**Given material**
----------------------------------------
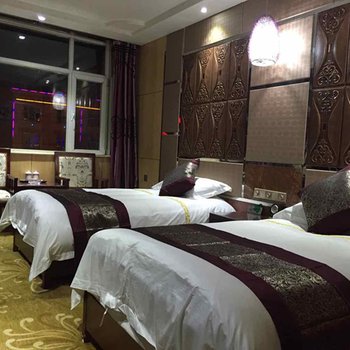 海南州新世纪国际饭店(共和县总店)酒店提供图片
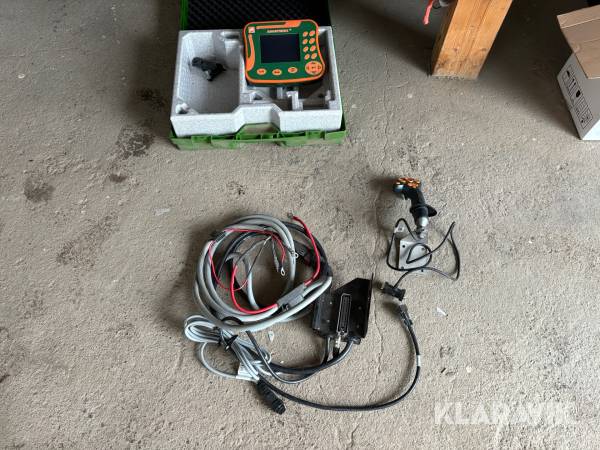 Styrenhet Amazone Amatron +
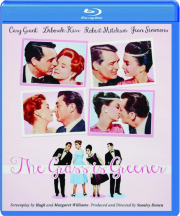 THE GRASS IS GREENER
----------------------------------------
**What you will do**
Take the line that contains "Styrenhet Amazone Amatron +" and all lines after it to the end of the material above, and copy them verbatim without any images.

**Answer section**
 Styrenhet Amazone Amatron +
 THE GRASS IS GREENER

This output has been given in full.